Your task>
Exclude the pictures from your copy, and reproduce each entry below verbatim.
┄┄┄┄┄┄┄┄┄┄
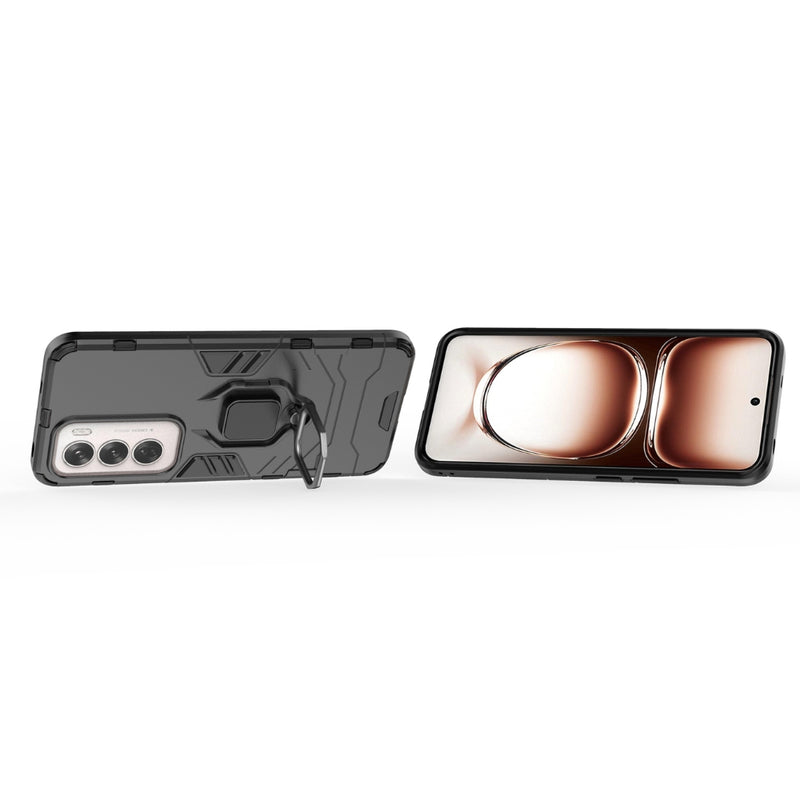 Load image into Gallery viewer, OPPO Reno12 Pro 5G (CPH2629) - Heavy Duty Armor Case With Ring Holder Stand - Polar Tech Australia
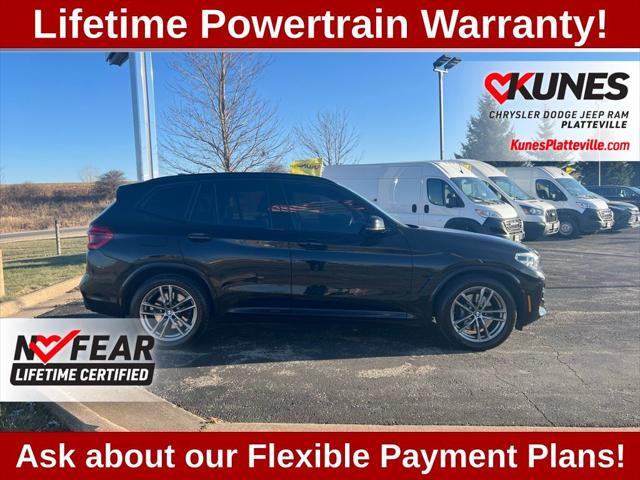 used 2021 BMW X3 car, priced at $38,977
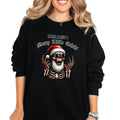 'Having Myself a Merry Little Crisis' Streetwear Crewneck Sweatshirt, T Shirt Hoodie | Grunge Aesthetic Pullover Retro...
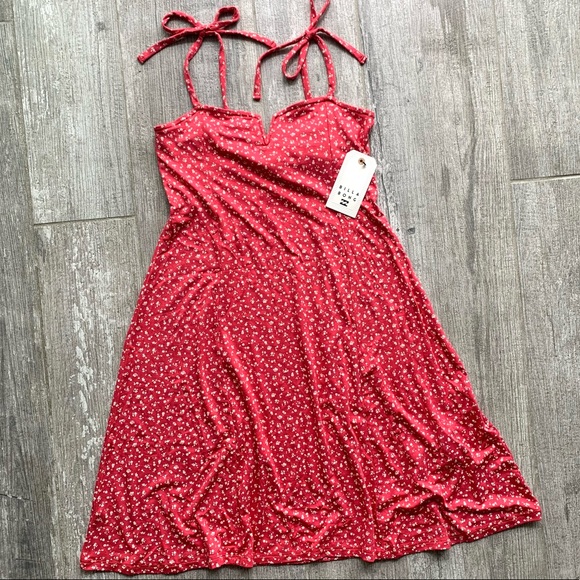 🔥🔥BILLABONG - SUNNY BLISS DRESS🔥🔥 - Picture 2 of 9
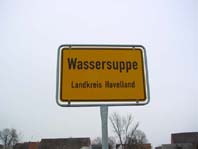 Wassersuppe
┄┄┄┄┄┄┄┄┄┄
Answer to this exercise>
 Load image into Gallery viewer, OPPO Reno12 Pro 5G (CPH2629) - Heavy Duty Armor Case With Ring Holder Stand - Polar Tech Australia
 used 2021 BMW X3 car, priced at $38,977
 'Having Myself a Merry Little Crisis' Streetwear Crewneck Sweatshirt, T Shirt Hoodie | Grunge Aesthetic Pullover Retro...
 🔥🔥BILLABONG - SUNNY BLISS DRESS🔥🔥 - Picture 2 of 9
 Wassersuppe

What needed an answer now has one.